*** Block opens ***

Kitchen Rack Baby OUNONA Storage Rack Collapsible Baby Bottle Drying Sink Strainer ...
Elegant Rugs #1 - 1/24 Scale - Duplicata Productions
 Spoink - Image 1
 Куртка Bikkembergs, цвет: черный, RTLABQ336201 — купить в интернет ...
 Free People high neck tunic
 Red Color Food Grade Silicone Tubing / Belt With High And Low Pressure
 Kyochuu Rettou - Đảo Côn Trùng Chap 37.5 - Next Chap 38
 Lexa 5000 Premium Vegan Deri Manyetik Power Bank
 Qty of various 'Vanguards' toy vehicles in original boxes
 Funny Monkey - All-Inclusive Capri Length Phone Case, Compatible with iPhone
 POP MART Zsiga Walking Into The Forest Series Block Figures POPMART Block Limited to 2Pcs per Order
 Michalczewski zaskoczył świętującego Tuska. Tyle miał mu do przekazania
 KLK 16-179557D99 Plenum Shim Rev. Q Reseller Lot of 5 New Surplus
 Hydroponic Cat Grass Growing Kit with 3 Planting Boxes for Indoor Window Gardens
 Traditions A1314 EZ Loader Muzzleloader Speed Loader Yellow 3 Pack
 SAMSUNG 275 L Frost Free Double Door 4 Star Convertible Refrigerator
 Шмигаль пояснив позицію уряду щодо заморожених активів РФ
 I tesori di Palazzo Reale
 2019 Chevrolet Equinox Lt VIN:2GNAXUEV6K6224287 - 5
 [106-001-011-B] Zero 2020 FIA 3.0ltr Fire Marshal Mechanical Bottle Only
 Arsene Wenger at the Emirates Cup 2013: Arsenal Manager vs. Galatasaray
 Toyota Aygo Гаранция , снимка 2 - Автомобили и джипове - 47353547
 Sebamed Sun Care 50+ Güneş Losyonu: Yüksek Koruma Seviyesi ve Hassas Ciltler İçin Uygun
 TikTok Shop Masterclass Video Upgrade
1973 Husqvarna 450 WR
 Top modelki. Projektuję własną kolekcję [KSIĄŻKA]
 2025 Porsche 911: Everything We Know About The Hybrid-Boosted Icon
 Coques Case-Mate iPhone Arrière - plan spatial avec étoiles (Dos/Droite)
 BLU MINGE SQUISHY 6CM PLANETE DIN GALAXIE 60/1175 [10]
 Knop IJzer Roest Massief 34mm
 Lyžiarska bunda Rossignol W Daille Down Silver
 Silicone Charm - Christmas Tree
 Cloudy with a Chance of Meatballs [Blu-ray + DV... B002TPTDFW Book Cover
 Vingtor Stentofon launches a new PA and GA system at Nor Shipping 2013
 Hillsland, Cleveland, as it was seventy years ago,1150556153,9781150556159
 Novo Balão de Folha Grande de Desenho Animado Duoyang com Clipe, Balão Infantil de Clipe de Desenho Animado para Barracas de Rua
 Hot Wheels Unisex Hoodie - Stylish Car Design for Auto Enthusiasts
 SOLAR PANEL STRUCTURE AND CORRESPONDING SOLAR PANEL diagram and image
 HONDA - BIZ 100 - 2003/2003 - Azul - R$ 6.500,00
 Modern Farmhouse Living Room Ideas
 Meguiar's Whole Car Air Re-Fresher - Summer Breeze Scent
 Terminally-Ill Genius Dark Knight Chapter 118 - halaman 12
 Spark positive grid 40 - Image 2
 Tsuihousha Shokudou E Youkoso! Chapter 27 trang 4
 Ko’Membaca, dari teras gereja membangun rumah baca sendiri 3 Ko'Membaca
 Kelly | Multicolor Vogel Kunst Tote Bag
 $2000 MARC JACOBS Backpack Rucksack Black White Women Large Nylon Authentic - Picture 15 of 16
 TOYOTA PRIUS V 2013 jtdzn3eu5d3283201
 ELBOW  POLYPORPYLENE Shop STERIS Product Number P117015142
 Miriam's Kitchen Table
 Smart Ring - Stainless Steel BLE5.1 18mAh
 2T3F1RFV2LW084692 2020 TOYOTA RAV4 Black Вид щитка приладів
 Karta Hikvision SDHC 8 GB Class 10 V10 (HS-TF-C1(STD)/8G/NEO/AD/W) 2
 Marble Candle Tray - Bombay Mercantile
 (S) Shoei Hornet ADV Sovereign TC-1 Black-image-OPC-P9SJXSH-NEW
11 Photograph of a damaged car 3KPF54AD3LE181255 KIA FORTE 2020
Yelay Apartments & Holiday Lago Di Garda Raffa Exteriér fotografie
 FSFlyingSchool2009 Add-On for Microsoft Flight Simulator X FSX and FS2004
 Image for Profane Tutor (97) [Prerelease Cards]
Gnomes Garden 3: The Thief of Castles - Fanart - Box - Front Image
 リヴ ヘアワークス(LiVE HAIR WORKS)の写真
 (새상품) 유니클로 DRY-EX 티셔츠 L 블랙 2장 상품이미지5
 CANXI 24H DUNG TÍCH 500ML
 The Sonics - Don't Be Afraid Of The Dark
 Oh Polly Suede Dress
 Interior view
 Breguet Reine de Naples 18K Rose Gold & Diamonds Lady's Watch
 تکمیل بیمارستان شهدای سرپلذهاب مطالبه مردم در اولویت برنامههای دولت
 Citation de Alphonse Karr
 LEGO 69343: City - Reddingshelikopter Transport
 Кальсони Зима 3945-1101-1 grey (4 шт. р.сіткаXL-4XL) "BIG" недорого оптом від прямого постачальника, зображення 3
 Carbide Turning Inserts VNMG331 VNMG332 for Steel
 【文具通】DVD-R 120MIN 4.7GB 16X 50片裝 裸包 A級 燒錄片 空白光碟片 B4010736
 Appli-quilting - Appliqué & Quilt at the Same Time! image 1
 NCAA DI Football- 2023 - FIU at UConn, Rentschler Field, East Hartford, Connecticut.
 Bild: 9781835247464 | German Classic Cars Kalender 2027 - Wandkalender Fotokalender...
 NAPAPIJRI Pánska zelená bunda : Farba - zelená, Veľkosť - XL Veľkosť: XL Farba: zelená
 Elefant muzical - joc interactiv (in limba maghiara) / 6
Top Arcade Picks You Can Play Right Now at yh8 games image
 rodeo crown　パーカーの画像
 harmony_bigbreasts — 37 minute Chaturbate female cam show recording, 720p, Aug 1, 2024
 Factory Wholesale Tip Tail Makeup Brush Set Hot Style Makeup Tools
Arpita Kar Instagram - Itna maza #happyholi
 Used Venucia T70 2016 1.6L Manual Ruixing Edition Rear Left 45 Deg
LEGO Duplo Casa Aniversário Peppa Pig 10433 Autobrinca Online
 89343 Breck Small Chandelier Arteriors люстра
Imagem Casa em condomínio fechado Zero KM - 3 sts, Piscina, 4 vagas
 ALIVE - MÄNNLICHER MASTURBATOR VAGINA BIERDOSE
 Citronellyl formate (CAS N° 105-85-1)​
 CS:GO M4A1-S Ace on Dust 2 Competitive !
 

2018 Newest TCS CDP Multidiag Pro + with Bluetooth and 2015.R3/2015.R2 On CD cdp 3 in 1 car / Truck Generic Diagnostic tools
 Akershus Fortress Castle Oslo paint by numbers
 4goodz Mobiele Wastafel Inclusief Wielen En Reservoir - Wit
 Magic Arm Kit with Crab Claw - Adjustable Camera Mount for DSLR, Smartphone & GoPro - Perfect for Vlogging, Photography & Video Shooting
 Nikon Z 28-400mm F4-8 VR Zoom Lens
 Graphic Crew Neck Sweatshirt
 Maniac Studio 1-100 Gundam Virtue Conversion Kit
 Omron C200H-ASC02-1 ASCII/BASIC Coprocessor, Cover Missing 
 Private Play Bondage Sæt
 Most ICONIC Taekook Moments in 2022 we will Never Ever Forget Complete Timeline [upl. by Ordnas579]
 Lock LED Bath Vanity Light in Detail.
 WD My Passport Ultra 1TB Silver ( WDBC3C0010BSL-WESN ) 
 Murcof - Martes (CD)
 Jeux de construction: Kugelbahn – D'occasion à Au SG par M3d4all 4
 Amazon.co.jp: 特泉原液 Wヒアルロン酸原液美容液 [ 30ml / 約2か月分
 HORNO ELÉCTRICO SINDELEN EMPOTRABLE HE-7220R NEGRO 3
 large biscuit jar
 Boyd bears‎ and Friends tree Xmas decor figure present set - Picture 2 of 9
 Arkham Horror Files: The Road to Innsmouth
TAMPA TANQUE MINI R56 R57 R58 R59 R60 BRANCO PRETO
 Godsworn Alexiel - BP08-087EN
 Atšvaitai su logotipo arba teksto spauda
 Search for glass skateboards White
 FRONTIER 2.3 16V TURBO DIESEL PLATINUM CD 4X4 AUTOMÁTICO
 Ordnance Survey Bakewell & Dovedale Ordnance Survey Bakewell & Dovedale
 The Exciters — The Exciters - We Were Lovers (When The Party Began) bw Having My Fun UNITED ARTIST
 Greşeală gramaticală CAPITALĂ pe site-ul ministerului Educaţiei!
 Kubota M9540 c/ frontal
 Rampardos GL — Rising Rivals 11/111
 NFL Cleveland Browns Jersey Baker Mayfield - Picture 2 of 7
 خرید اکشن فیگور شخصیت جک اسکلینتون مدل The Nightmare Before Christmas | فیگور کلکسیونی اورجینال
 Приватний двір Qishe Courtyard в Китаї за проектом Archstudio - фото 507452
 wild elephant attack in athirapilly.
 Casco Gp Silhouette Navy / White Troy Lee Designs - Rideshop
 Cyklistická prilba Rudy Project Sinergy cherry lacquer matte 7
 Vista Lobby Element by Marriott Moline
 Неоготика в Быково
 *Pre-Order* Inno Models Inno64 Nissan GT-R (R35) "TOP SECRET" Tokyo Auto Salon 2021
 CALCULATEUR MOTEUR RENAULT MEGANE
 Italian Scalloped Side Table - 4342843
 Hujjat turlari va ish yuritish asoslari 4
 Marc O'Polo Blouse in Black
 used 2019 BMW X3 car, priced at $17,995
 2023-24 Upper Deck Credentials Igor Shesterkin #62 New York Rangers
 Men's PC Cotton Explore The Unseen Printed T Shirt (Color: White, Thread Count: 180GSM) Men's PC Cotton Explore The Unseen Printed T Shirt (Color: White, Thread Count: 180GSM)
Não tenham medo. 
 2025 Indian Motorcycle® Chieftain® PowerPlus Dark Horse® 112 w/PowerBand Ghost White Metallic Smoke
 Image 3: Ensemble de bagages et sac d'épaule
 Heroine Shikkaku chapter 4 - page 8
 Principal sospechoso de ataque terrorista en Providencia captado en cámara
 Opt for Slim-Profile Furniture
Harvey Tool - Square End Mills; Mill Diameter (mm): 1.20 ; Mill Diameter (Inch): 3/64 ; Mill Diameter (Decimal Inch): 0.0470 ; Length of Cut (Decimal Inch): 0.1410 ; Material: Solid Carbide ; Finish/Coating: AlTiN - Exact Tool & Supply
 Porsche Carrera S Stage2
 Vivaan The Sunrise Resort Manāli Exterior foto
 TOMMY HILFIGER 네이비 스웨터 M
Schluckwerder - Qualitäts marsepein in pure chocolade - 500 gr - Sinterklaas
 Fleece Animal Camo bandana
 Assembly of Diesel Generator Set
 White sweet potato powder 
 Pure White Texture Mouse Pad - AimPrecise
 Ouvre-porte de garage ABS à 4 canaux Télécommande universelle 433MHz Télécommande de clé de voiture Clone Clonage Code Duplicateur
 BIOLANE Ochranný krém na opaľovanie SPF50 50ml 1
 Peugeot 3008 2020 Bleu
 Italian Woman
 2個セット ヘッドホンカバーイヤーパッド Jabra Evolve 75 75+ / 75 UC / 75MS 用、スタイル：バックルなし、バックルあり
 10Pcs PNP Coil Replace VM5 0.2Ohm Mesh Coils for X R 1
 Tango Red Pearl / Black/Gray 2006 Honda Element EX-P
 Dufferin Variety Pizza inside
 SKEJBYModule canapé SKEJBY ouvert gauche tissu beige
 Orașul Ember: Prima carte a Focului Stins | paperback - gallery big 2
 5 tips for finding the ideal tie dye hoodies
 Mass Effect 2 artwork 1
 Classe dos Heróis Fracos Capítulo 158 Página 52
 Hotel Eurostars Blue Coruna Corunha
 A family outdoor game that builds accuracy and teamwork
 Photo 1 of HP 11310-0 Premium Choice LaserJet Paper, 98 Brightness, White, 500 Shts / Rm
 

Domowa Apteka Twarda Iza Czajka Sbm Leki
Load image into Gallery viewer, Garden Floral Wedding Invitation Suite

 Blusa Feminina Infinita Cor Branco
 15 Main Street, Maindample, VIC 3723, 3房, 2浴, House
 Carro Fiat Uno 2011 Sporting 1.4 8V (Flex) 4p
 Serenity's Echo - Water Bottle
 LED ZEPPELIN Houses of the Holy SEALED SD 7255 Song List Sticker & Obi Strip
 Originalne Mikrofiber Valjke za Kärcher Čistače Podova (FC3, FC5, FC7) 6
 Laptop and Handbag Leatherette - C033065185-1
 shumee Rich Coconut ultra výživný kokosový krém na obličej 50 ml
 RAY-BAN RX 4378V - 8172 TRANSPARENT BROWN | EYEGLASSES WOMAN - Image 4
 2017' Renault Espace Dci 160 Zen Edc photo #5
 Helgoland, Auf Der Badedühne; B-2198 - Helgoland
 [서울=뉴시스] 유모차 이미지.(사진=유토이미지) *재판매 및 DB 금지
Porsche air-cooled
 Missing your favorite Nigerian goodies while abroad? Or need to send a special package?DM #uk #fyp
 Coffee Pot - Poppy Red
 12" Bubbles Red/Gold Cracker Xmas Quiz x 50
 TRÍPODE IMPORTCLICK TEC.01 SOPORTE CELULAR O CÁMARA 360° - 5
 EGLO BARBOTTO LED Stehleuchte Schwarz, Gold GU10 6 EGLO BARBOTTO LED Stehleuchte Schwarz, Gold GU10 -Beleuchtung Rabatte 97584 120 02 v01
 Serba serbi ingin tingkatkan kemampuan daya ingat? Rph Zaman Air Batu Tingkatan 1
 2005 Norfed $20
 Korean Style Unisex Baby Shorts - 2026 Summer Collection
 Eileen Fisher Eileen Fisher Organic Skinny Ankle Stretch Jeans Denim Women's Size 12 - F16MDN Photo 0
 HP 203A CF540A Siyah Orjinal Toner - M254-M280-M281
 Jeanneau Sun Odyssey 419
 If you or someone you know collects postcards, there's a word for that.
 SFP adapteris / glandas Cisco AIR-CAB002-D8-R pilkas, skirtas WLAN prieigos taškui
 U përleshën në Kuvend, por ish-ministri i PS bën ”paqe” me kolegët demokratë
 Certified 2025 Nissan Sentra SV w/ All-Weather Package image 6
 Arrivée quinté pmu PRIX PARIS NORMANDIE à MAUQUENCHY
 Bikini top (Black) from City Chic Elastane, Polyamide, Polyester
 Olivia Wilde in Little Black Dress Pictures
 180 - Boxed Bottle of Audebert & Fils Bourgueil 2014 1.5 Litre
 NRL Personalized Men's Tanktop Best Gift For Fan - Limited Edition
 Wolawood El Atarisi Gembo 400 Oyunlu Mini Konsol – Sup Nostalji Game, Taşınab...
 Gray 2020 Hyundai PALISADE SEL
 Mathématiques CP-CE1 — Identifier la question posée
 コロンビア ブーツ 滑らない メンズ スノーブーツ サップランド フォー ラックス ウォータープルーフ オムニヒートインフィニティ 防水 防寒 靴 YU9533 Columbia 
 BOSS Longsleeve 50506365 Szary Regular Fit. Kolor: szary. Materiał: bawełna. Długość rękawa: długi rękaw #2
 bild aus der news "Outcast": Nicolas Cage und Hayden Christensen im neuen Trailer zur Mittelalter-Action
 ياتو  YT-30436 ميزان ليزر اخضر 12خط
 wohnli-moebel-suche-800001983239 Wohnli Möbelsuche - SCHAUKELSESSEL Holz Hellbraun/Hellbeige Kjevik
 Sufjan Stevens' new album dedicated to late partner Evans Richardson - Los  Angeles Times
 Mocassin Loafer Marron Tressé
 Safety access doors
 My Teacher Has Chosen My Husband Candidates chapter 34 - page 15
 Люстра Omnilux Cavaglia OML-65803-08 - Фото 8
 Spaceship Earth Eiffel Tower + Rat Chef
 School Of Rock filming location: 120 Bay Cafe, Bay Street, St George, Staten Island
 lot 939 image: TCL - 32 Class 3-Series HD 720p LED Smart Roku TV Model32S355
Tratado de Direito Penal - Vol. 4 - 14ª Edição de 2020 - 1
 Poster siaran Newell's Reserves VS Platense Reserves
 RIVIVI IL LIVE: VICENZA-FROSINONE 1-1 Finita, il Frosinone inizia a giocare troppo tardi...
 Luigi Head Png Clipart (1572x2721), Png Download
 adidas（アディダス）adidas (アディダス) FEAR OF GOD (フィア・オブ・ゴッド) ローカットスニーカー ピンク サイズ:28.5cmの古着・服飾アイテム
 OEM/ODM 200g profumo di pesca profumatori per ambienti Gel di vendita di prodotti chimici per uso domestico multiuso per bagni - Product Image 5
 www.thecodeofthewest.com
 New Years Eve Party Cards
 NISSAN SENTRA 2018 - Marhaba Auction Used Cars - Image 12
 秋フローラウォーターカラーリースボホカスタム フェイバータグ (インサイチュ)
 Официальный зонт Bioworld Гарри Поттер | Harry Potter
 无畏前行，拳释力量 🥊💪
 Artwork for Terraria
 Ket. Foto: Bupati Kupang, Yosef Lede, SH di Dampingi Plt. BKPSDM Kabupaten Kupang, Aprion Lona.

*** Block closes ***

### YOUR TASK
All that belongs in the answer is the run of lines above from the line containing "Domowa Apteka Twarda Iza Czajka Sbm Leki" through the line containing "Originalne Mikrofiber Valjke", exactly as written.

### OUTPUT
Domowa Apteka Twarda Iza Czajka Sbm Leki
Load image into Gallery viewer, Garden Floral Wedding Invitation Suite

 Blusa Feminina Infinita Cor Branco
 15 Main Street, Maindample, VIC 3723, 3房, 2浴, House
 Carro Fiat Uno 2011 Sporting 1.4 8V (Flex) 4p
 Serenity's Echo - Water Bottle
 LED ZEPPELIN Houses of the Holy SEALED SD 7255 Song List Sticker & Obi Strip
 Originalne Mikrofiber Valjke za Kärcher Čistače Podova (FC3, FC5, FC7) 6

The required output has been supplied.